【書評】
http://sankei.jp.msn.com/life/news/130525/bks13052509220002-n1.htm
『尖閣一触即発 中国の圧力を跳ね返すことが出来るのか』
日本の国運握り生活に直結
本書は尖閣諸島(沖縄県石垣市)で今、一体何が起き、将来、どうなるのか、どうすべきなのかを海洋学者の第一人者と軍事に強いジャーナリストに解説、分析をしていただきました。
ご承知の通り、中国政府による尖閣諸島への対応は日増しにエスカレートしています。

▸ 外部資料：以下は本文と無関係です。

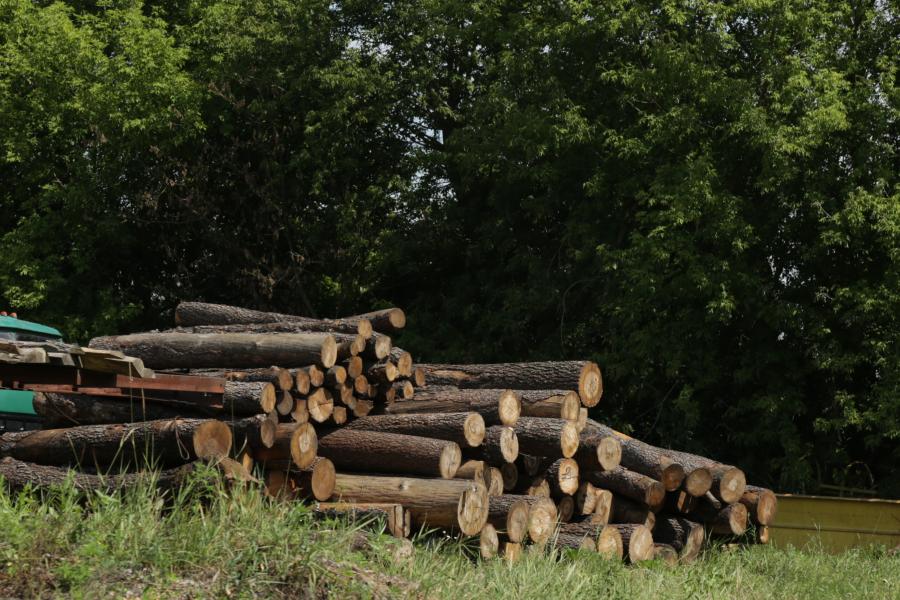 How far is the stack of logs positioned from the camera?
934cm

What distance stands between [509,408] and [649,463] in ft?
A: 5.51

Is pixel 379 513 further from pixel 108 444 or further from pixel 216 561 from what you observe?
pixel 216 561

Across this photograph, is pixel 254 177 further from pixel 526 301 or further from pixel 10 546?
pixel 10 546

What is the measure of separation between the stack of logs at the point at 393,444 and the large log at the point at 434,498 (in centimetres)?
1

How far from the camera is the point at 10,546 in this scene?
18.4 ft

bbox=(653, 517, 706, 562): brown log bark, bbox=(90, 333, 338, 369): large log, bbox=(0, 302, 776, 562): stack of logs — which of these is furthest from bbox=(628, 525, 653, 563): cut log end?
bbox=(90, 333, 338, 369): large log

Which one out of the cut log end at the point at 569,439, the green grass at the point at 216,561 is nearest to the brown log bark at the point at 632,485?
the cut log end at the point at 569,439

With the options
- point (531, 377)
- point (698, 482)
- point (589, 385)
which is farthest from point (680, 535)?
point (531, 377)

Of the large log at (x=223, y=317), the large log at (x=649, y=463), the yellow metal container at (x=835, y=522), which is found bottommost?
the yellow metal container at (x=835, y=522)

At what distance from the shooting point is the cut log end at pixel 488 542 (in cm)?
941

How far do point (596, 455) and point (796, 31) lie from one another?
9949 millimetres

中国潜水艦(日本政府は国籍不明としている)が日本接続水域内を潜航したまま通過するなど、その傍若無人ぶりは目に余るものがあります。
そして、中国は統括する船艇3千隻と、日本の海上保安庁をはるかに凌(しの)ぐ巨大な「中国海警局」を創設したのです。これは中国が本気で尖閣諸島を狙っている証しであり、今秋にも中国漁民の尖閣諸島上陸が実行される、と著者の山田吉彦氏は予測しています。
このとき、日本政府はこれまでのような「大人の対応」「事なかれ主義」の姿勢では本当に日本領土を失ってしまいます。
たかが、小さな無人島と思うことなかれ、その存在は日本の国運を握っており、直接日本人一人一人の生活に直結するものだと、著者は指摘しているのです。そして、井上和彦氏に軍事面での問題点を分析していただきました。
政権が交代するなど尖閣諸島を取り巻く情勢が目まぐるしく変化し、それに原稿が追い付いていかず、まとめるのに大苦戦しました。